However, the CCRA requires that there must be
some 'bona fide purpose' other than merely tax
avoidance for the establishment of an IBC, so
their legality for individuals in a Canadian context
is usually questionable, and you are sure to reap
the whirlwind if caught out by the CCRA. Immigrant
and emigrant trusts, where properly structured,
provide partial and temporary protection for foreign
assets, and becoming non-resident in Canada is
always an option, but other than that, there are
no real solutions for individuals.
There are, however,
effective and legal ways in which Canadian corporations
can utilise offshore affiliates in order to maximise
the efficiency of Canadian exempt surplus rules
and minimise exposure to FAPI legislation, and
it is to these that we now turn. (For the purposes
of explanation, a non-resident corporation is
considered to be a foreign affiliate if the Canadian
corporation or related persons directly or indirectly
own at least 10% of any class of shares in that
non-resident corporation.)
FAPI stands for
Foreign Accrual Property Income, and rules determining
what falls into this category (and is therefore
liable for Canadian income tax) have been significantly
extended and strengthened in recent years. FAPI
now includes a foreign affiliate's income for
the year from property and business, with the
exception of income from 'active business'. On
the other hand, Exempt Surplus rules mean that
dividends derived from active business profits
earned by an affiliate in a country with which
Canada has a double tax treaty are generally received
tax free in Canada. In order to establish a truly
tax efficient corporate structure, then, it is
necessary to ensure that as much of the Canadian
corporation's foreign income as possible is derived
from active business (and therefore qualifies
as exempt surplus income, as opposed to Foreign
Accrual Property Income).
As previously stated,
this is probably best achieved by the establishment
of a subsidiary corporation in an offshore jurisdiction,
for reasons which will be explained later. However,
as the exempt surplus rules specify, the affiliate
must be in a jurisdiction with which Canada has
a double taxation treaty. Although overall, Canada
has over 90 (2010) such treaties, with several
more under negotiation, only a few of these are
with offshore jurisdictions. Of these jurisdictions,
for the specific purpose of establishing an active
subsidiary, only Barbados and (to a lesser extent
now) Cyprus are really suitable in terms of infrastructure,
legislation and corporate taxation regimes.
NB:
New legislation which came into force in 2003
set out new rules applying to Foreign Investment
Entities (FIE), and applied to holdings by Canadian
residents in foreign entities (widely defined)

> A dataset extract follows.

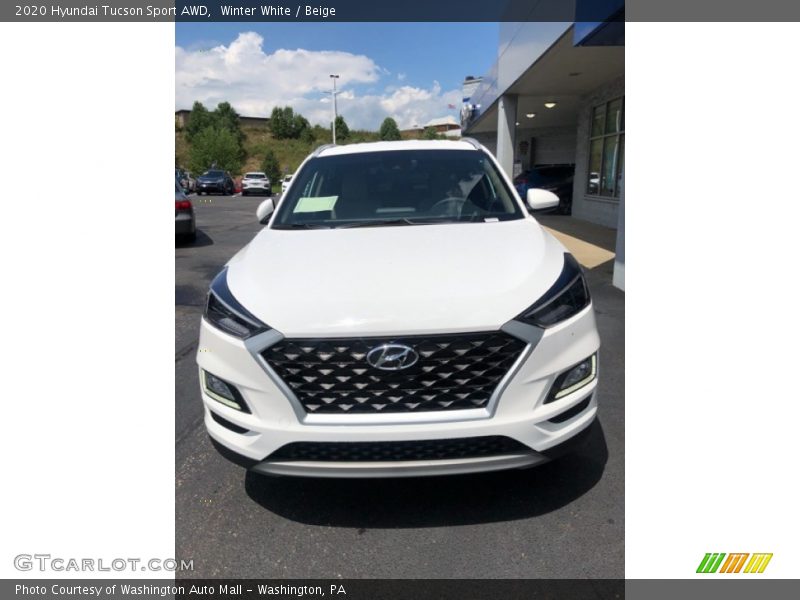Winter White / Beige 2020 Hyundai Tucson Sport AWD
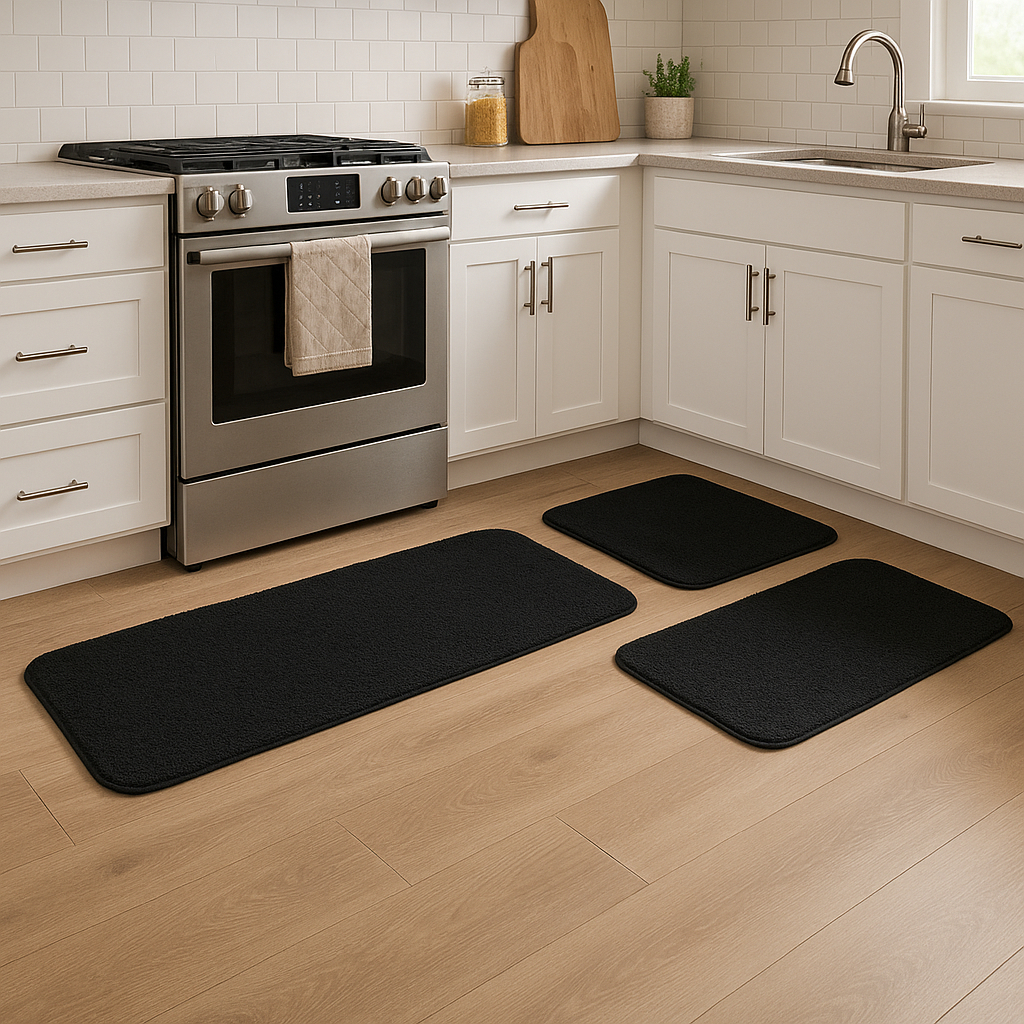 Kit Jogo de Tapete de Cozinha Algodão 3 Peças Pelo Baixo Várias Cores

if the principal business of the non-resident
entity is an "investment business",
which specifically includes a business carried
on by the non-resident entity (alone or through
a partnership) if the principal purpose of the
business is to earn rental income from real estate
or profits from real estate sales.
Generally,
the rules are designed to accelerate a tax liability
on income from the FIE in the hands of Canadian
taxpayers under one of two income imputation methods
each year, beginning in 2003, which could be well
in advance of when income is actually received.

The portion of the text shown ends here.